In a past blog ( What to Do When Someone Uses Inappropriate Adoption Language), I talked about why and when we should correct someone’s choice of words when they are talking or writing about adoption. Should we automatically correct someone who uses the abbreviation “BM” for birth mother or refers to an expectant woman who may be considering adoption as a birth mother, or …well the list goes on and on. I also gave examples of how to correct someone in a way in a polite way so that they will not become defensive and will actually hear what you are saying and change the way they say it in the future.

Shockingly, not everyone agreed with me. (Said with tongue planted firmly in my cheek.)

I believe words matter, but I also think the way we ask for the preferred words matters as well.

Was I Wrong?

We received the following comment from an adoptive parent in response to my blog on how to correct someone’s inappropriate adoption language:

The other option [for correcting someone], which you did not include, is to directly correct the person’s language without making excuses for the correction (such as “I’m not trying to be picky” or “I’m not trying to embarrass you at all”).

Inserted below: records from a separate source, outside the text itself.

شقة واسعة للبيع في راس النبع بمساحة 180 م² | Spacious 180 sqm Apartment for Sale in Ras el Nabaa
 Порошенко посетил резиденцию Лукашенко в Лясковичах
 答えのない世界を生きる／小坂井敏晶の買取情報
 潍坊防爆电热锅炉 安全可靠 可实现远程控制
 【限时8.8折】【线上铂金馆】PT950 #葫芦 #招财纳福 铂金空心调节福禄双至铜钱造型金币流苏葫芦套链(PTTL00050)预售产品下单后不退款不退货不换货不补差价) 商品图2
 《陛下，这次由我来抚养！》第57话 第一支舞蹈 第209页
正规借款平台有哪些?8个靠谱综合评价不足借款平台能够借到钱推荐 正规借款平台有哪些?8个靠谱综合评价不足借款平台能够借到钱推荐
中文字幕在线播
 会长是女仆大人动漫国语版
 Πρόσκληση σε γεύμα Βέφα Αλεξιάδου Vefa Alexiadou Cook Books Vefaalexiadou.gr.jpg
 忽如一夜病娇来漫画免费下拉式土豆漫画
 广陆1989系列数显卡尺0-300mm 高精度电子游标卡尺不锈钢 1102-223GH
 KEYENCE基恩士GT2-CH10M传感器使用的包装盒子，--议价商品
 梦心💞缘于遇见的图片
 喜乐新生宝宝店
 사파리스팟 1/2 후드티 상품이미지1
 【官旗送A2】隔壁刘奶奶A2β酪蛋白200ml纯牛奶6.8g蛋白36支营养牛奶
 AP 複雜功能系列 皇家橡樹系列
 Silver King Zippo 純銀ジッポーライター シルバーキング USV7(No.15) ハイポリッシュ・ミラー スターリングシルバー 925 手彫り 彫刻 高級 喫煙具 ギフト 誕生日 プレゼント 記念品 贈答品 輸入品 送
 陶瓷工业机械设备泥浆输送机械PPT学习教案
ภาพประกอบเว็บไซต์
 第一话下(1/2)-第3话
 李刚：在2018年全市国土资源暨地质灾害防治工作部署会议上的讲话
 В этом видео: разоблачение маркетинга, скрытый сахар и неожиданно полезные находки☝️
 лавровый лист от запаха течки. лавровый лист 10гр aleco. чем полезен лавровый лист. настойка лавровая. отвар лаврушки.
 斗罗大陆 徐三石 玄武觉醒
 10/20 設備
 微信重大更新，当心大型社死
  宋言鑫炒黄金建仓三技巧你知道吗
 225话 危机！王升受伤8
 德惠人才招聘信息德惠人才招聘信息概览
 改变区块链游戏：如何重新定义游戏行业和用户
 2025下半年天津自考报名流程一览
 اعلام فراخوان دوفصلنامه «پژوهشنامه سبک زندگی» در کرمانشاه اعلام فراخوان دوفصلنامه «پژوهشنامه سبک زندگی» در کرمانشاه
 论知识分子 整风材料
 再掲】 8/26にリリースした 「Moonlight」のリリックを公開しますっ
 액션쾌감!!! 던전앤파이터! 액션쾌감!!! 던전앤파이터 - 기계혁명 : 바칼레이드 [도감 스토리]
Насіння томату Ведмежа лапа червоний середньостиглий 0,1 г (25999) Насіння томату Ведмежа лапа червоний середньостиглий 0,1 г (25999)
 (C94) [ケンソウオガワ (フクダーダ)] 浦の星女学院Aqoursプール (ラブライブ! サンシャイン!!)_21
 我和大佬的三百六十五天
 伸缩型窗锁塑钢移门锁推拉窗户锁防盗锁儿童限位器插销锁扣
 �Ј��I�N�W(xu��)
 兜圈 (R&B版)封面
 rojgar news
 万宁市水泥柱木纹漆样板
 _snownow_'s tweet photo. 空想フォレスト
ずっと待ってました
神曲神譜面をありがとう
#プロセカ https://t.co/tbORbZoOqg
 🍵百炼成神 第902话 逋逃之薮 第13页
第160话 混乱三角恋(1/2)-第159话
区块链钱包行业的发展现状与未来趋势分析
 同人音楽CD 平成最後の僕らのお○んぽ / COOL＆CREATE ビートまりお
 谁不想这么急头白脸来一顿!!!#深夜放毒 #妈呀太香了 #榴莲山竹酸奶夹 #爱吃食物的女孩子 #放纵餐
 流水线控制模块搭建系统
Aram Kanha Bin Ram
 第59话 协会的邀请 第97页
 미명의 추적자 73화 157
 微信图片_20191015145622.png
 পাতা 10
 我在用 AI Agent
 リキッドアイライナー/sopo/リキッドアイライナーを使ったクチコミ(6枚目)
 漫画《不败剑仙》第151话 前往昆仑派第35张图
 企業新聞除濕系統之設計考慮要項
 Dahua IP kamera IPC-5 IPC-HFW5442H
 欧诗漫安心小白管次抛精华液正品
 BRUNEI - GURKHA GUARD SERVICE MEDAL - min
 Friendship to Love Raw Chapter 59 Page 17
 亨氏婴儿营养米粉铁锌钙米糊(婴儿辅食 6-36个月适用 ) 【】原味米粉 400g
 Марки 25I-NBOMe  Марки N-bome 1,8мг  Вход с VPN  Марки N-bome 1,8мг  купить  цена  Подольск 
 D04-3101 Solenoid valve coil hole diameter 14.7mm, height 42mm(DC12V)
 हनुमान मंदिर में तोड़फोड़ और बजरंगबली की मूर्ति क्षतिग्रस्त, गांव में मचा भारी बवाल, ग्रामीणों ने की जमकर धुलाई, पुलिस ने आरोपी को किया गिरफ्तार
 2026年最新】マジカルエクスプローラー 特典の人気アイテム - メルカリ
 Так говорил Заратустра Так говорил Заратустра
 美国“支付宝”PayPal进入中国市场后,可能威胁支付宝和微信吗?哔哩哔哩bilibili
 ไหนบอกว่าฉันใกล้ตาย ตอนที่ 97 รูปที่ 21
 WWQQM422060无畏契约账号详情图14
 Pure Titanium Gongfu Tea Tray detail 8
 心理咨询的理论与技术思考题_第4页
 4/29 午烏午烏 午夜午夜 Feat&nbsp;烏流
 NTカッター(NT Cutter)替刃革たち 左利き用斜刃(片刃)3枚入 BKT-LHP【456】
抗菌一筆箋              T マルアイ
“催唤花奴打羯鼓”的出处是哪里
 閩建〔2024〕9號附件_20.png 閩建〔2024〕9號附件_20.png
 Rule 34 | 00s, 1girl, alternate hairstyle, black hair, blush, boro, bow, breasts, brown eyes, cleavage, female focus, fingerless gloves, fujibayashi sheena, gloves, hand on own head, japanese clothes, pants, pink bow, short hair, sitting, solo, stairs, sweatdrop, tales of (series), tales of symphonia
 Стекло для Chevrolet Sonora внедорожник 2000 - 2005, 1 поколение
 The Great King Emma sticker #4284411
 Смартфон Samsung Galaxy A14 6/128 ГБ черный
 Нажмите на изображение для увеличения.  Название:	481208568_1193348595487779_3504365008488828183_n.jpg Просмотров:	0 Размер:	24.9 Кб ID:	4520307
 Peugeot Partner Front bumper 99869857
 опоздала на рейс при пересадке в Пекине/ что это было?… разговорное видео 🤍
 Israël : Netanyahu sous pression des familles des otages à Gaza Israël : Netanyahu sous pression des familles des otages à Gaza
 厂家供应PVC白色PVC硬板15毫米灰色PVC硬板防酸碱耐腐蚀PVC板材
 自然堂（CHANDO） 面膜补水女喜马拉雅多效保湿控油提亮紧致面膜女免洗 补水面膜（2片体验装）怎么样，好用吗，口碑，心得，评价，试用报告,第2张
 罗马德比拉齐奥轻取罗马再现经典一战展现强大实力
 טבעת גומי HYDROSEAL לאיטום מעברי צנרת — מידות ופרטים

I understand that the intent of correcting another person’s improper and often rude adoption language is to educate; however, given that this problematic language is spoken almost exclusively by adoptive parents (or prospective adoptive parents), who have the most privilege in adoption, I don’t often feel I need to apologize in order to make a correction.

Sure, if a person is new to the world of adoption, a gentle correction may be necessary, but I’ve seen this over and over again with parents who adopted their children ages ago. They should, and often do, know better, but still fail to use the correct terminology.

In those cases, I have no qualms about clearly stating: “The proper term is ‘my child’s birth (or first) mother;’ she is not your birth mother” or “the use of BM as an abbreviation is considered rude and incorrect. Please take the time to type (or say) the words next time.”

As you state: words matter. There is a way to correct someone without being aggressive or rude, but also without apologizing for it.

My Response:

The adoptive parent is right that this direct approach is an option, but this approach will almost always result in the person becoming defensive or hurt, which lowers the odds of them ever changing their language.

I would also add that what is considered “correct” changes over time. No doubt the language we are using now will sound antiquated, naive, and wrong in the future. If you are speaking to someone who adopted in the past, they are likely using language that was taught to them or that they heard when they adopted. Why intentionally make someone feel bad? The only reason I would ever take that approach is if I thought the person was intentionally using language to hurt or demean another person.

What are your thoughts? Do you agree with the adoptive parent who commented or me?